You are a free-rider. Repeat this to yourself each night before you go to sleep. Free-riding is good. Never pitch in. Never vote. Never do a good deed (unless someone who can reward you is watching). This is the first and most important thing you must learn if you are to become a professional in the economics community. If we were a religious order, this would be our creed. When in doubt, free-ride! Let me elaborate: It is our cherished assumption that agents maximize utility and our deep and abiding faith that altruism does not and cannot exist.
Therefore, if you volunteer for something, you must be an idiot. Or mentally ill. Or both.

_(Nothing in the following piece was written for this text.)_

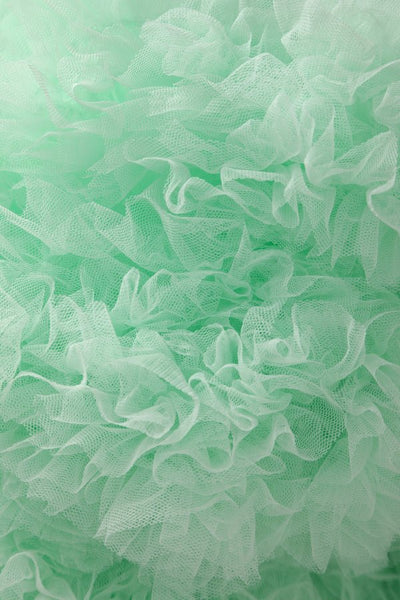 Close up view of Fluffy Net Petticoat 25.5” In Mint Green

If you clean the communal coffeemaker, you will never, EVER be respected by your colleagues. (You will notice, of course, that no one ever does these things: We finally had to get rid of the coffeemaker because it was full of sludge). Does this mean that the graduate lounge will always be a disgusting pit, that Sweet ‘N Low packets left out in the open will always be stolen, that anything that has not been bolted down and equipped with burglar alarms (including water-cooler bottles) is apt to disappear, mysteriously, in the middle of the night? Does this mean, in short, that an economics department will always be dysfunctional? Are we doomed? Will we remain a chaos of hostile egos, each of whom would sooner curse the darkness for all eternity than be the first to light a public candle?
Yes, it means exactly this.
But we are rational agents, and that is our solace. Let the History department stoop to crass functionality. Let sociologists drink their department-brewed coffee. Let them laugh at us, as we waste time and money at Café Roma. Let the English majors enjoy their spotless lounge, and the Cultural Studies department their fresh water. We don’t need water or coffee or clean carpets. We have something more.
We are rational. We know more math. We can take everyday commonsense ideas and turn them into unrecognizable gibberish. We are rational agents. And we’ll stay that way if it kills us.